### Data to process
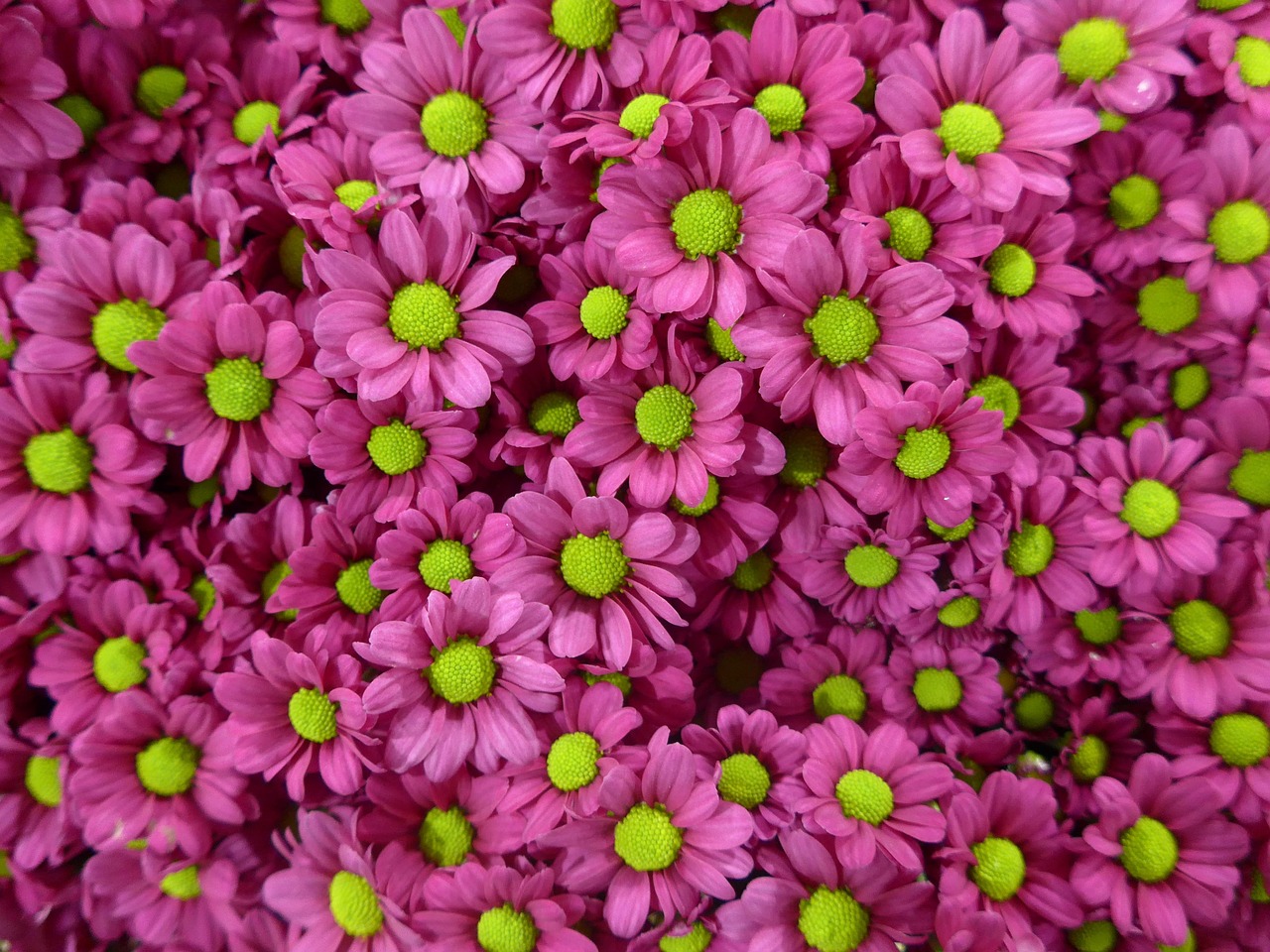塑料花批发价格详解，影响因素与价格走势分析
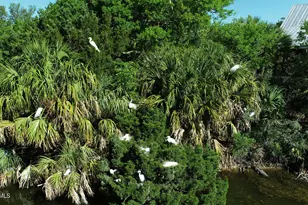 6 W Marsh Dr, Harbor Island, SC 29920 - Photo 23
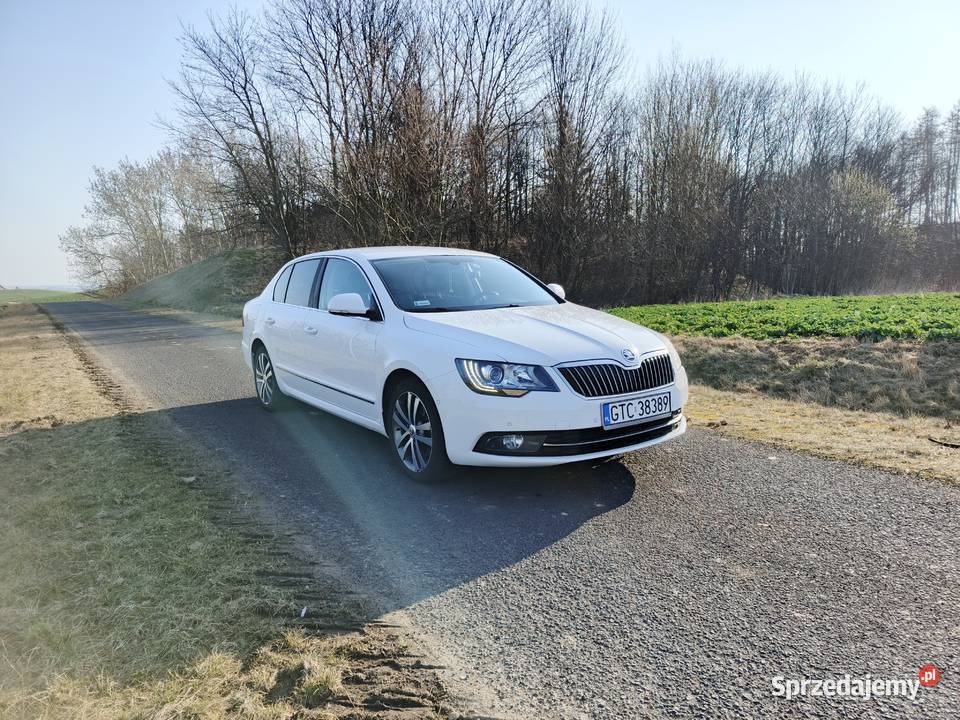 Skoda Superb 2014 20 TDI 170 Tczew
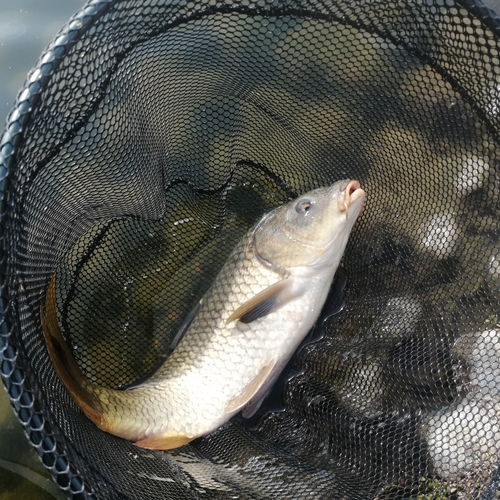 コイの釣果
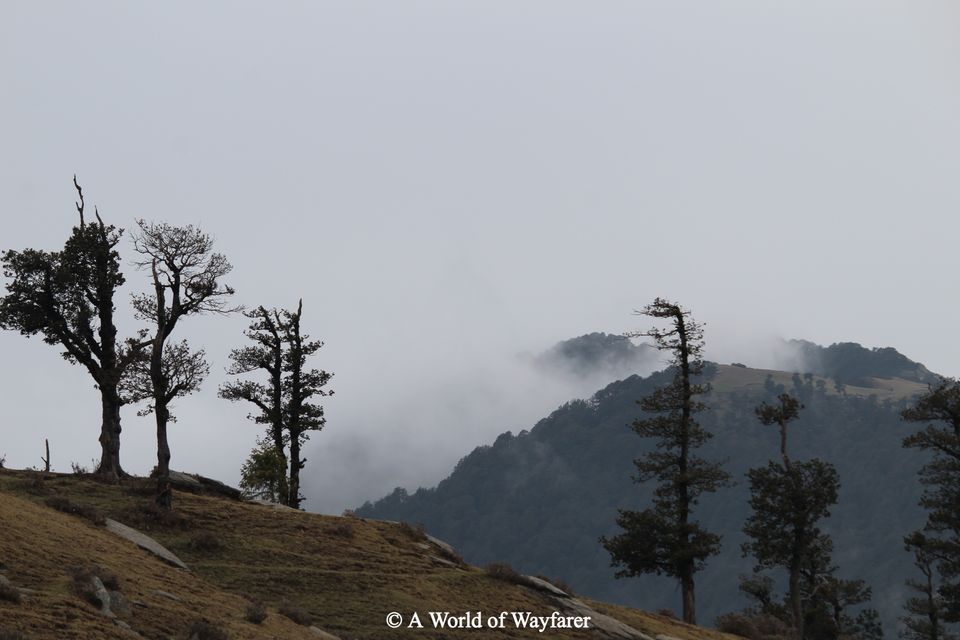 Photo of A Trek to the Himalayas, Churdhar Peak 15/20 by N Madhuri
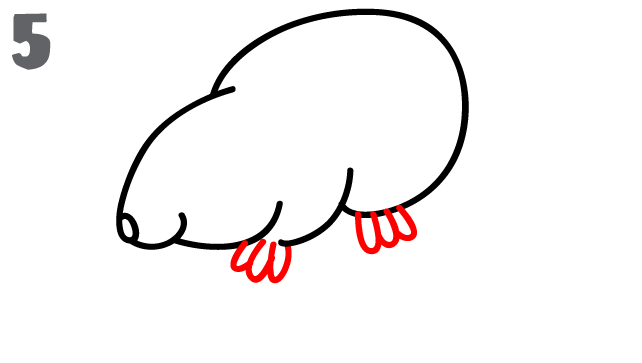 642x363 How To Draw A Mouse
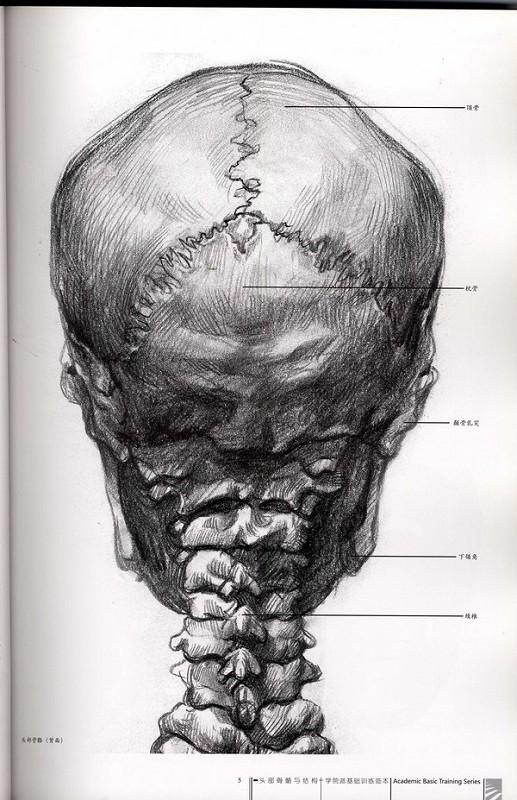 艺用人体头部结构解析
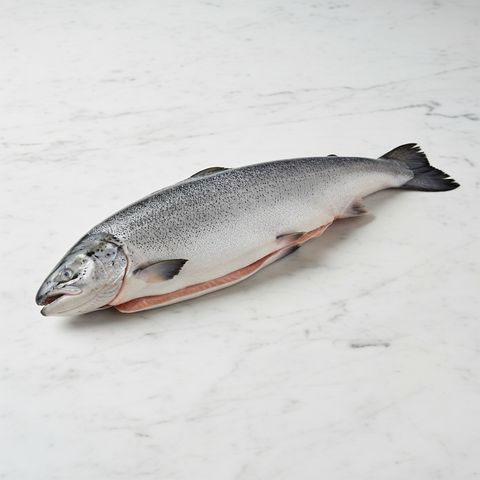 Whole Salmon, Fresh, Scaled & Gutted, +/-4.5kg Reach Food Service Ltd SEAF-FRFI-0000145-147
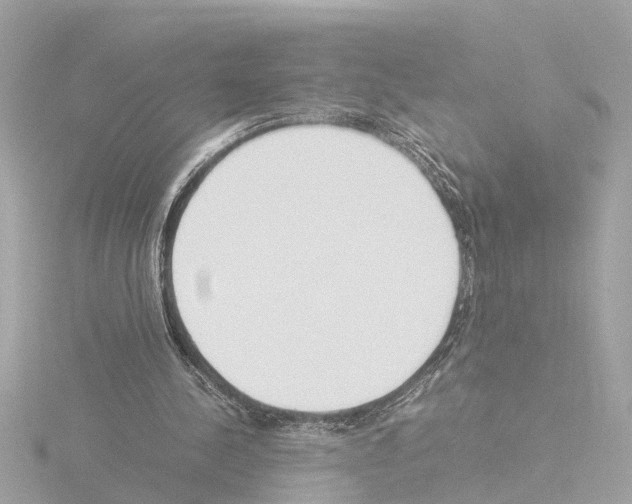 X0000115500244200912181430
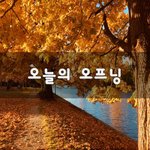 [이것좀봐줘] 오늘의 오프닝~
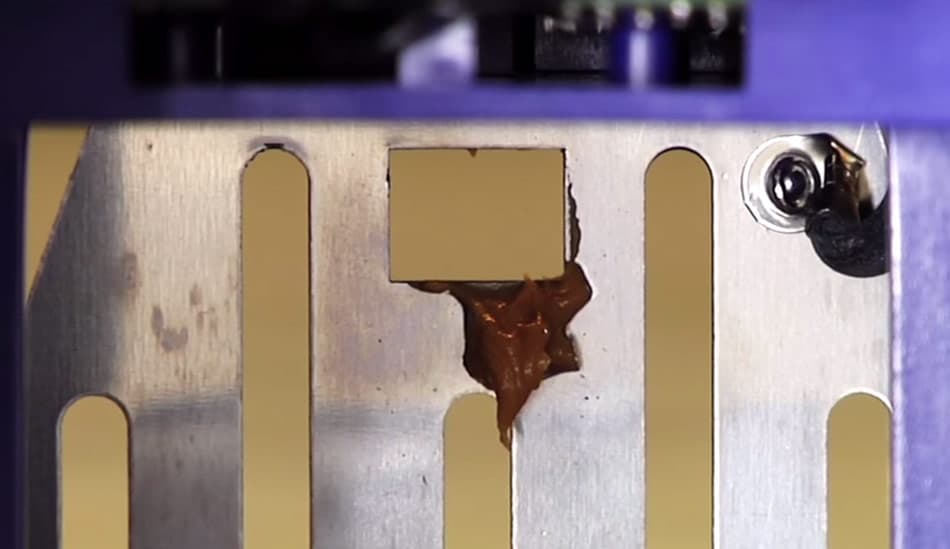 how to bait victor rat zapper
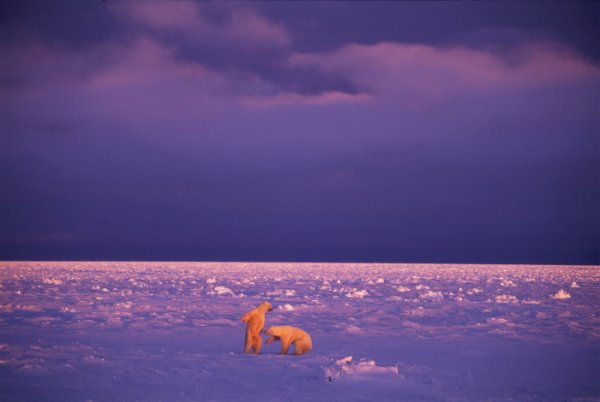 Фотографии дикой природы от Пола Никлена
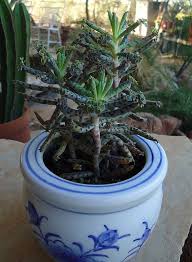 Kalanchoe Tubiflora Maternity Plant Mother Of By Succulentdesigns 5 45 Planting Succulents Plants Succulents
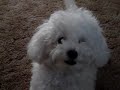 Bichon Frise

### Task requirements
An exact copy of the records above is needed, with the pictures removed.

### Exercise answer
塑料花批发价格详解，影响因素与价格走势分析
 6 W Marsh Dr, Harbor Island, SC 29920 - Photo 23
 Skoda Superb 2014 20 TDI 170 Tczew
 コイの釣果
 Photo of A Trek to the Himalayas, Churdhar Peak 15/20 by N Madhuri
 642x363 How To Draw A Mouse
 艺用人体头部结构解析
 Whole Salmon, Fresh, Scaled & Gutted, +/-4.5kg Reach Food Service Ltd SEAF-FRFI-0000145-147
 X0000115500244200912181430
 [이것좀봐줘] 오늘의 오프닝~
 how to bait victor rat zapper
 Фотографии дикой природы от Пола Никлена
 Kalanchoe Tubiflora Maternity Plant Mother Of By Succulentdesigns 5 45 Planting Succulents Plants Succulents
 Bichon Frise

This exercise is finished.